HADDAD: I’ve done it here for one night and there for two nights over the years, and every time I would do it, I would be revisiting it fresh, because it would be months or even a year after I had done it the last time.
But now, to just get to do it in a row for different people, it’s a muscle that is new for me. I’m excited and I’m a little terrified, but thrilled to have the opportunity, and just very excited to engage with the audience in a real, viable relationship over these evenings and afternoons.
MW: You are frequently in motion throughout the hour. It is not a static show.
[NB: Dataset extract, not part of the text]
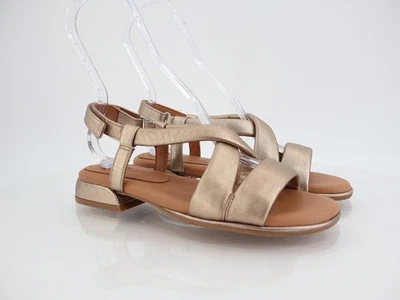 Gentle Souls Heather Slingback Sandal Size 8 Gold Leather Flat Comfy Cushioned - Image 1 of 4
HADDAD: I wanted that. This production is directed by Laura Savia, who’s been doing it with me for the last seven years. I wanted the movement because of the way that I feel when I watch a solo work, honestly. I get bored very easily in the theater. You have to grab my attention either with a exhilarating performance or a riveting plot that draws me in and makes me pay attention. So from even back when I was in college, before I had Laura as the director, I knew I wanted to move around the stage because it was important for the audience to see my movement and my mobility. Also, I wanted to give them visual interest. I wanted to give them a variety to my performance and not just sit in a chair.
But I do recognize that when I step out of the walker or I’m walking toward the bar, or I’m pushing out of a couch, or I’m putting on a blazer, you’re watching me in real time, a person with a body that’s different than yours. And I’m totally aware of all the levels that it works on. But, for me, it’s just, “Well, I’ve got to put this coat on now. I’ve got to get to the couch. I’ve got to get to the table.” What I’m talking about is my organic movement from Point A to Point B.
If it was played by a person who was not disabled, the groundbreaking revelatory lauded nature of their performance would just be the ways in which they can mimic me crossing a stage. And that’s not a performance, that’s just putting on disability drag or what we call “cripface.”
It’s insulting, and it shouldn’t be something as a performer, that you have to think about, because I have to tell you, my movement on the stage is truly the farthest thing from my mind, except for when I’m pushing off the couch. Then I have to think about, “All right, well I got to make sure my feet are in the position so that when I push off, it doesn’t take me 10 minutes, but it takes me 15 seconds.”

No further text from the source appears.